Meanwhile the wild geese, high in the clean blue air,   
are heading home again.    
Whoever you are, no matter how lonely,   
the world offers itself to your imagination,   
calls to you like the wild geese, harsh and exciting –    
over and over announcing your place   
in the family of things.
Wild Geese by Mary Oliver

Hear Carmen sing this Mary Oliver poem on her YouTube Channel @CarmenAcevedoButcherPresence.


Mary Oliver’s gentle, beautiful, persistent, persisting, comforting, inspiring, and no-nonsense, clear-eyed, wild voice has been with me, in poetry and prose, for decades. I’m grateful for her presence in the world, ongoing, beyond death.

Sometimes I think she is the United States Rumi. My friend tells me when she goes home to Iran, that’s when she truly reconnects with Rumi, on the streets, in cars and trucks, in homes, on TV, in gatherings, he and his music and love and wisdom are everywhere. Much the same can be said about Mary Oliver, thankfully.

“Wild Geese” by Mary Oliver from Dream Work is a favorite poem for how it invites us to celebrate our interconnectedness with everything, every creature, and every one. It’s renewing in that way. I have lived with it so long that gradually a song came with it. First I read it, then reread it, then recited it, then it became a part of my DNA, I sang a few lines, and then I was singing it, and it was singing me.

First released in 1986 in Mary Oliver’s Dream Work, also a favorite of mine. To understand why, I’ll share with you some alerts in my phone and some notes to my self that are scattered around on my desk on index cards, some folded.  

One daily alert that pops up on my SE2 every morning at 6:15 AM reminds me: “I am safe, I am loved, I am part of this human family.” The last part especially is a theme of “Wild Geese”—“announcing your place / in the family of things.”

Another message pops up at 6 AM. If I see it, it’s the first thing I need to see, because no resume has ever been enough for me to assuage my deep-seated childhood trauma. Not that I look to my resume for that anymore, but the reverberations of insecurity are unavoidably foundational for me and deserve my utmost self-compassion and receive it regularly, too. The result of trauma for me is that I often don’t feel I belong anywhere. There are complex reasons for that. Mostly it’s part of my human condition. This message in my phone encourages me with what kind friends often say to me, so I say it to myself since I forget pretty much 24/7: “They are lucky to have you! You’re the best!”

Then on one 3” x 5” unlined-side white notecard in thick permanent black ink, folded tall-ways, I read in large letters: “CALM & CONFIDENT.” Since my default for decades was to apologize for everything, and outgrowing that is an ongoing process, even as verbally and interiorly it happens significantly less and less. My other default setting, for the same reasons, is fear. That’s another reason I benefited from hanging out with the Guru of Calm, Brother Lawrence. I drank in his calmness in that very intimate way of translating him as he translated me. Thank you, Nic.

Then, on another card folded lengthwise, I tell myself: “You’re amazing, Carmen.
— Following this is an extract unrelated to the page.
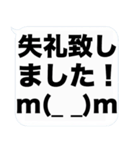 大文字と顔文字の吹き出しスタンプ(敬語)（個別スタンプ：13）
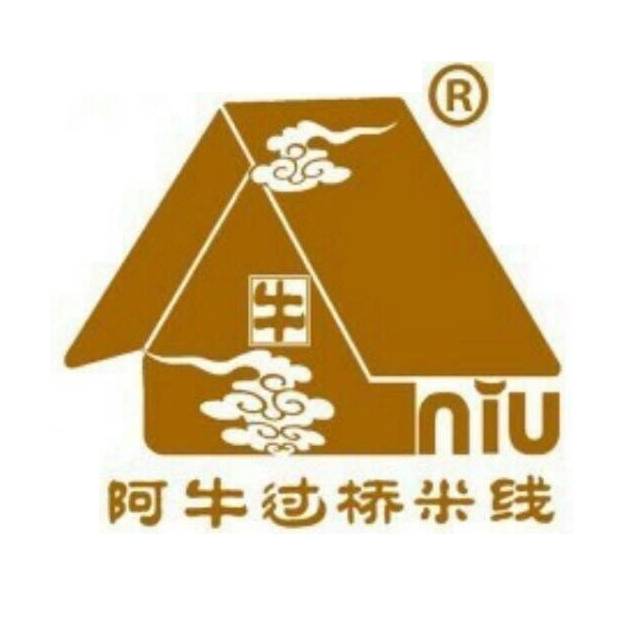 阿牛牛腩火锅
A ✯! My inner deafness is a kind that hears kind words from family and friends and almost at once forgets to listen. “Love your neighbor as yourself” for me means I have to work daily on inobtrusively reclaiming my safe feeling of quiet baseline amazing, something a healthy childhood might allow a person to take for granted perhaps, and live their life out of that security.

Over the years, I’ve been fortunate to heal my father wound. I’ve been to therapy, lots of therapy, and yes it was hard, and I’ll likely go back again one day. Doesn’t everyone need and benefit from therapy? My massage therapist gets massages. Therapists get therapy. Reminders of our interconnectedness.
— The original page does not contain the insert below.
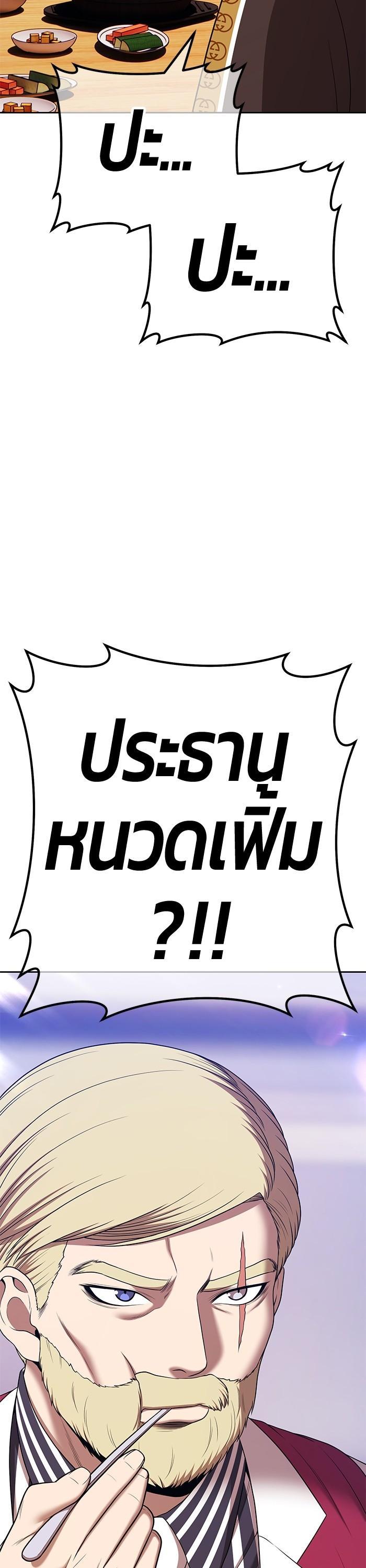 +99 Wooden Stick Chap 93 - Next Chap 94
I’ve also been fortunate to have years of rolfing. Getting help was painful at first. It did not come easy to me. I only went to rolfing because I could no longer use my arms and hands. In my 30s and 40s they gave me such constant pain that at night I fantasized about taking off my arms, and propping them against the wall beside my bed so I could sleep. My lifelong inner experience of being crippled that I had often coped with (on the surface) successfully, as my therapist once said, “You are a high-functioning depressive,” which made me mad before it made me aware—the truth of it came out. The fear, the pent-up anger, but mostly the sheer fright, came out in my body.

Carpal tunnel made me desperate. Desperation has so often turned out to be a loyal friend. Thank you, Desperation. Today I stretch my body regularly, rolfing healed me from the inside out, from the inner pain to the outer pain, and I was able to work, teach, write books, and more. Thank you, Karen.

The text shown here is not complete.